Let It Change Me

The last time I was content

The last time I was content

My firstborn is almost 5 years old. My husband and I were talking the other day and I told him that I haven’t felt this content in my life since I was pregnant with our son. Basically, I haven’t felt any lasting contentment in over 5 years. That’s a long time.

When I think back on my pregnancy, I remember how happy and scared I was. The highs and the lows twisted together just right. I was firing on all cylinders and challenges didn’t drag me down. It was the perfect combination of hope for the future and enjoyment in the moment. It wasn’t like being high, just a little higher. It’s the difference between walking through a dark room expecting to hit your knee on something and walking through a room where the light is shining just enough to see the obstacles for what they are.

I remember wishing that it could last forever but then our son was born and one issue after another crushed my happy place. At least, that’s how it seemed. For the next 5 years, it seemed that no matter what I did, I couldn’t catch a break or my breath.

So when I recently started to feel content again, I instantly didn’t trust it. My initial reaction was to think don’t get too used to this. It is classic self-sabotage to not allow oneself to experience joy out of fear that it won’t last. But when the roof didn’t fall on my head right away, I started to think now we can finally get back to normal.

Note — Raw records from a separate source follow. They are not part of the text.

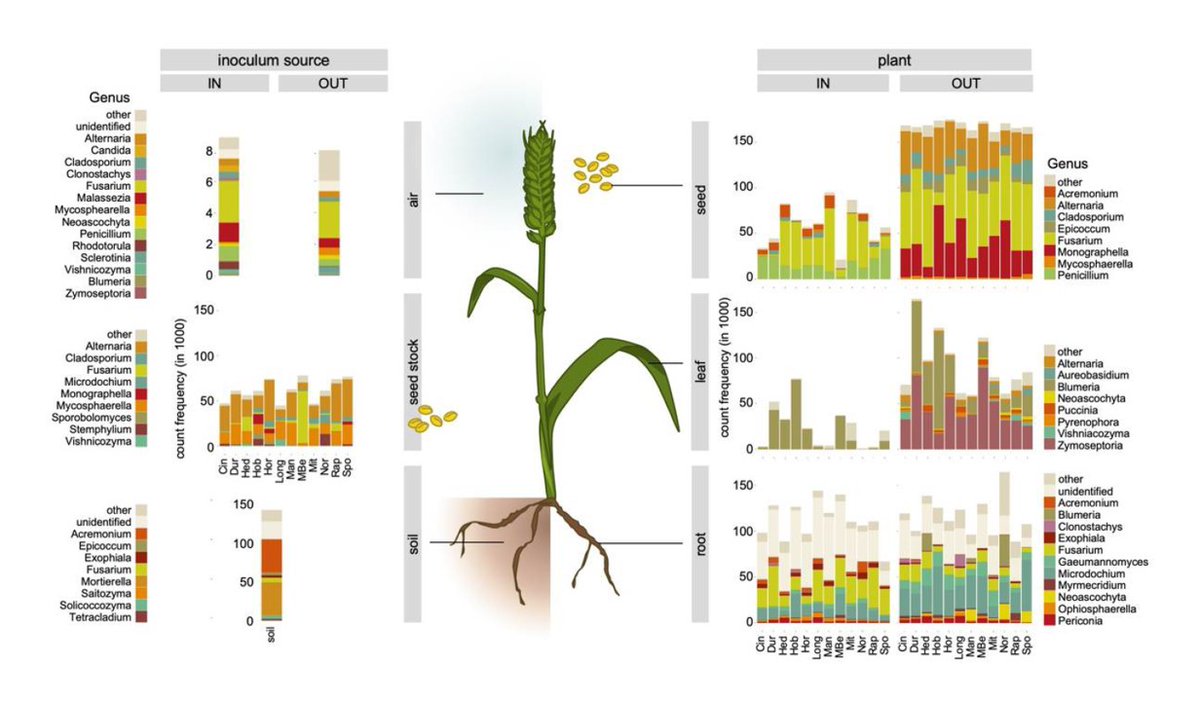 Frédéric Suffert (@wheatpath) on Twitter photo Succession of the fungal endophytic #microbiome in #wheat is dependent on tissue-specic interactions of host genotype and environment, by <a href="/MeikeLatz/">Meike A. C. Latz</a> <a href="/h_j_jorgensen/">Hans J Jørgensen</a>
researchsquare.com/article/rs-449… #Zymoseptoria #preprint Succession of the fungal endophytic #microbiome in #wheat is dependent on tissue-specic interactions of host genotype and environment, by <a href="/MeikeLatz/">Meike A. C. Latz</a> <a href="/h_j_jorgensen/">Hans J Jørgensen</a>
researchsquare.com/article/rs-449… #Zymoseptoria #preprint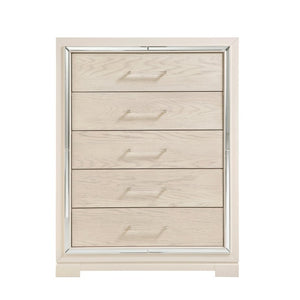 English Elm Modern Glam Tall Five Drawer Chest with Mirror Trim Acrylic Handles Bedroom Storage 5-Drawer Tall Chest B011P580886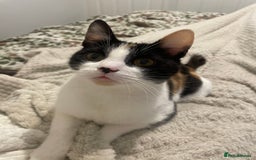 Domestic Shorthair cats for sale: Kiara - Image 3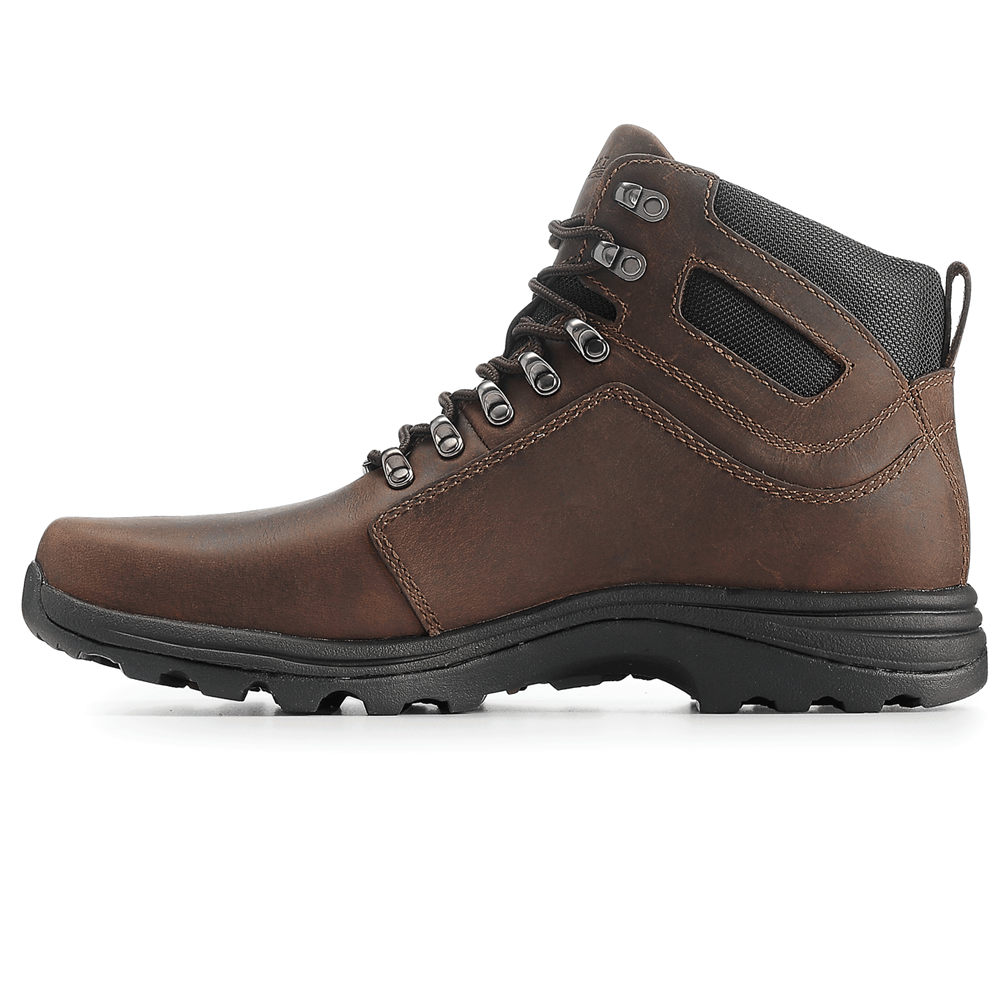 Rockport Støvler Herre Brune - Cold Springs Waterproof Elkhart - AKMF25438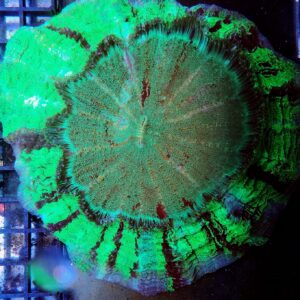 Acanthophyllia Tidal Green
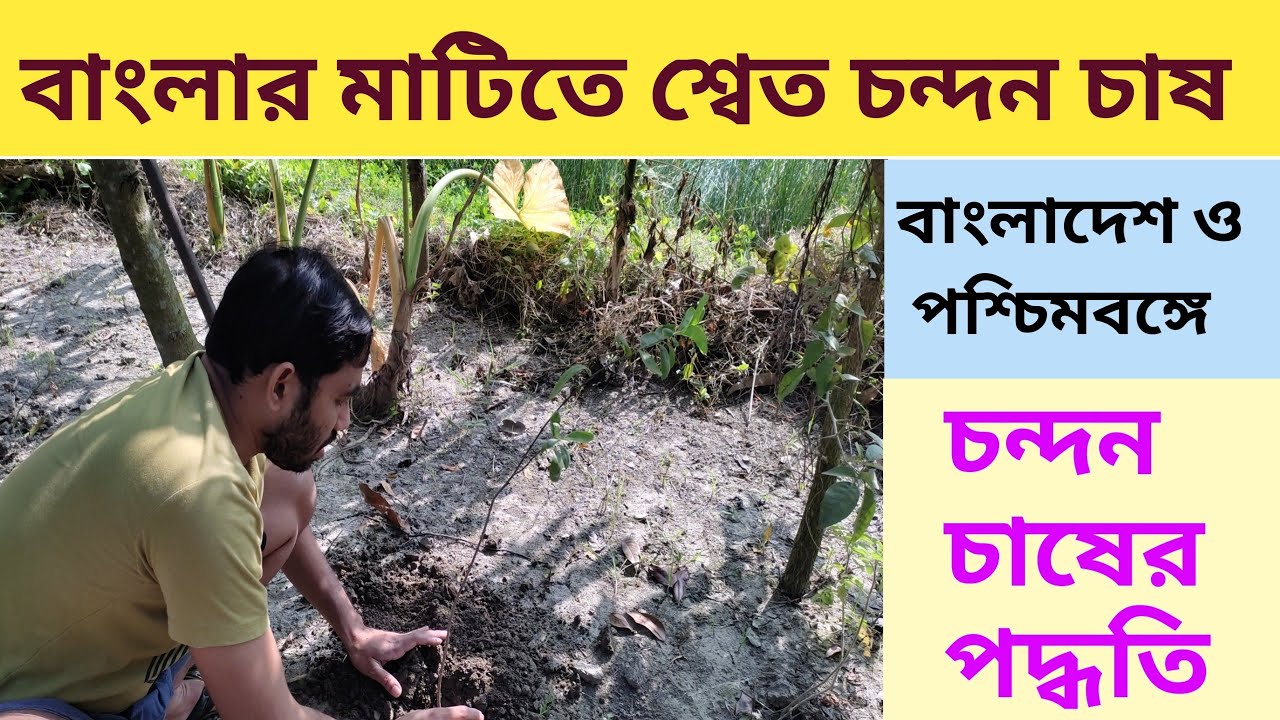 বাংলাদেশে চন্দন চাষের পদ্ধতি /Sandalwood Cultivation /চন্দন চাষ/Chandan Gach Chas#geoedututorial#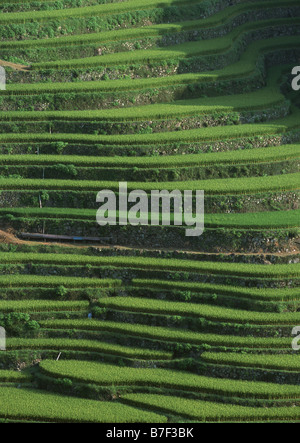 Terraced paddy fields Stock Photo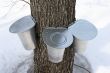 Pails on a maple tree for collecting sap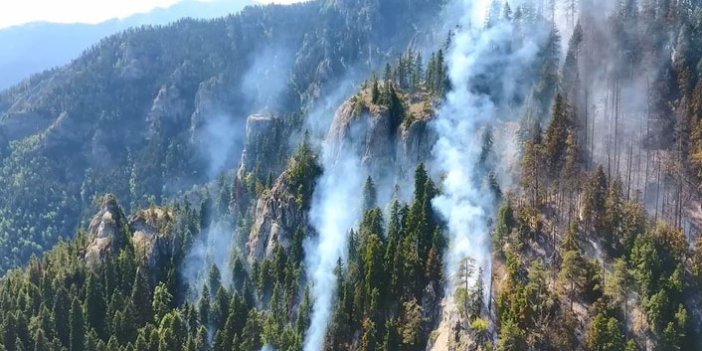 Doğu Karadeniz'de orman yangını 8 gün sonra söndürüldü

Over the course of a couple of weeks, I did indeed find myself ‘getting back to normal’. My patience with my kids began to wane, I wanted to spend money I didn’t have and I found myself looking for ways to stay busy-busy-busy. Not the kind of busyness that’s productive but the kind that numbs and zaps energy. In short, my old habits and ways of thinking were creeping back in.

I don’t know about you, but I rarely learn anything when I’m happy. Maybe that’s why I’ve always tended to sabotage my happiness – because I just don’t know what to do with myself. I can’t sit with contentedness and enjoy the moment. The last time I tried that was 5 years ago and it didn’t last. Why should right now be any different?

Maybe because I’m different.

I realized that I had completely missed the point. Sometimes, we take God’s grace for granted because we don’t recognize which part is the gift. I found myself thinking that after 5 years of struggling, God had finally thrown me a bone. Then, when I saw old, unhealthy patterns emerging I grasped the understanding that the last 5 years have been the gift. This period of contentment right now is the breathing room to take inventory of how I’ve let those years change me. LET them change me.

If those years haven’t changed me, then they’ve been for nothing. The uncertainty, the worries, the stress means nothing if I go back to the way things were before. If I let God change me, if I let go of resistance, if I see the gift for what it is, I will be content with right now whatever right now holds for me.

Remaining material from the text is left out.